“İktidar milletin oluyor”

8 Mart 2017, Çarşamba - 10:05
“İktidar milletin oluyor”
Cumhurbaşkanlığı Hükümet Sistemi’yle egemenlik, kayıtsız şartsız milletindir, düsturunun önündeki her türlü engelin yok olacağını söyleyen Başkan Hakan Tütüncü, “Gardiyan devlet gidiyor, garson devlet geliyor. İnsanı merkeze alan, insanı yaşatan devlet gün yüzüne çıkıyor.” dedi.

Birlik Vakfı Antalya Şubesi’nin, 16 Nisan’da referandumu yapılacak Cumhurbaşkanlığı Hükümet Sistemi ve Anayasa değişikliği ile ilgili düzenlediği toplantının konuşmacı konuğu Kepez Belediye Başkanı Hakan Tütüncü oldu.

Başkan Tütüncü, birlik binasında gerçekleştirilen toplantıda aralarında eski milletvekillerinin, hukukçuların, gençlerin, kadınların ve farklı kesimlerden kişilerin olduğu topluluğa Cumhurbaşkanlığı Hükümet Sistemi’ne neden evet, oyu verilmesini anlattı.
Tütüncü, yaklaşık bir saat süren konuşmasında Cumhurbaşkanlığı Hükümet Sistemi’yle ilgili şu değerlendirmeleri yaptı:

Evet ve hayır cephesine bakıp karar vermeli

“Evet ve hayır cephesine baktıktan sonra evet mi hayırlı yoksa hayır mı hayırlı gün gibi ortaya çıkıyor.
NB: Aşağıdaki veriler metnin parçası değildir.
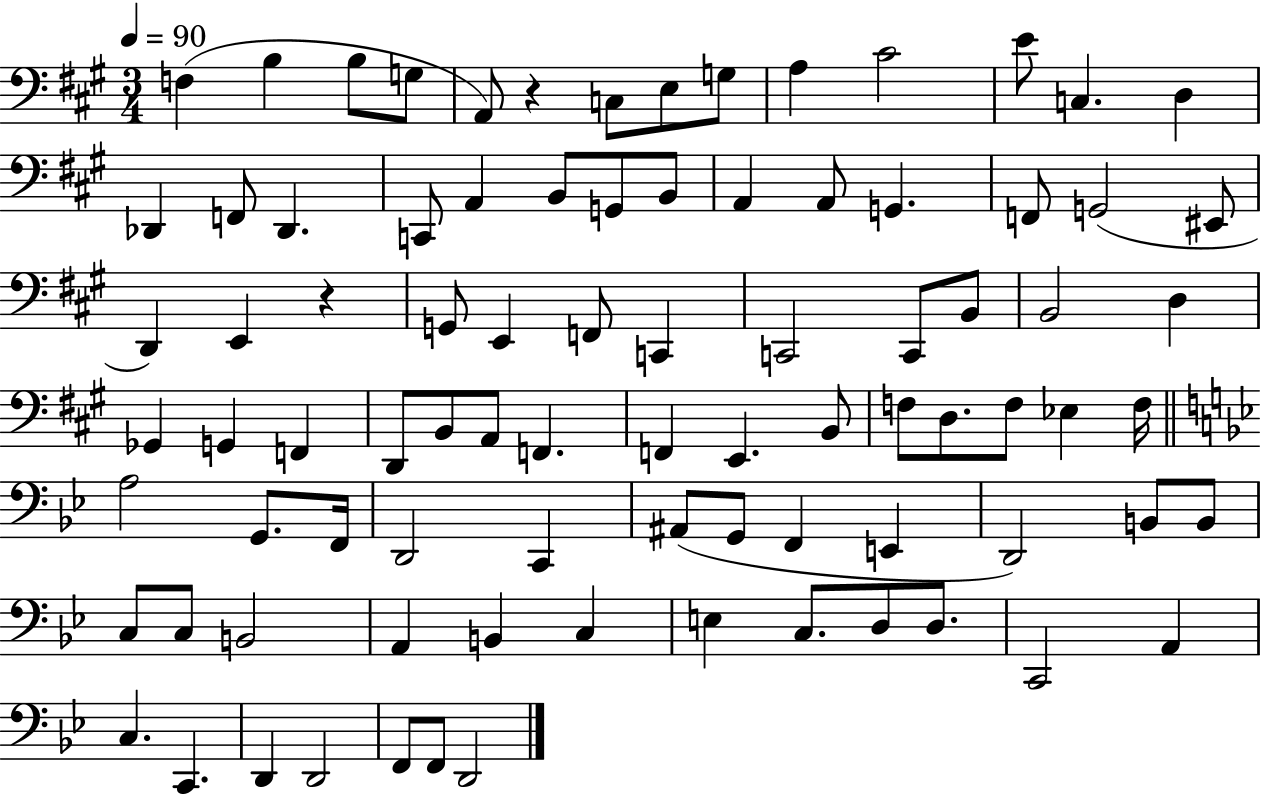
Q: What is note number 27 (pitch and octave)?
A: EIS2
Bir tarafta Ak Parti ve MHP’nin oluşturduğu milliyetçi muhafazakâr bir bakış, diğer taraftan Cumhuriyet Halk Partisi ve HDP ile PKK, DEAŞ, FETÖ gibi terör örgütlerinin desteklediği bir blok. Türkiye’nin bölünmesini isteyen bir siyasi hareket de bu işin içerisinde ve kendi etki alanı içerisinde ciddi bir kampanya yapıyor.
Birilerinin yalan rüzgârlarına mal ettiği şekliyle bu değişikliğin neticesinde ülke bölünecek olsa herkesten çok onlar bu sistemi kabul etmeli ve o istikamette çalışmalı.
 
Sol, tek başına iktidar olamıyor

Türkiye’de genel itibari ile yüzde 65 sağ seçmen, yüzde 35 de sol seçmen var. 1950’den itibaren tek başına iktidar olmuş partilere ve başbakanlara baktığımızda; 1950-60 döneminde Demokrat Parti ve Adnan Menderes’i, 1965-1969’da Adalet Partisi ve Süleyman Demirel’i,1983-1991’de Anavatan Partisi ve Turgut Özal’ı, 2002-2017 Ak Parti hükümetlerini ve Cumhurbaşkanımız Recep Tayyip Erdoğan’ın güçlü liderliğini görüyoruz.
Tek başına iktidar olmuş hiçbir sol parti yok. Sol her zaman parlamenter sistemin istikrasız ortamında yamalı bohça hükümetlerinde iktidara talip olmuştur. Tek başına iktidar olma düşüncesi yoktur. Hala yok.

HDP neden hayır, diyor?

Hayır, bloğunun içerisinde birde HDP var. Türkiye’yi bölmeye, güçsüzleştirmeye, çaresizleştirmeye, diktatörlüğe yol açacak bir düzenleme olsa herkesten önce bunu HDP isteyecektir. HDP’nin amacı fitne meydana getirmek ve bölücülüğü ortaya çıkarmaktır. Bu ülkenin kaşınacak ne kadar yarası varsa bütün yaraları kaşımaya yönelik üst aklın organizasyonları var. Etnik ayrımcılığa dayalı bir yara kaşımayla görevlendirilmiş partinin adıdır aslında HDP. Bunu hendek siyasetlerinde gördük.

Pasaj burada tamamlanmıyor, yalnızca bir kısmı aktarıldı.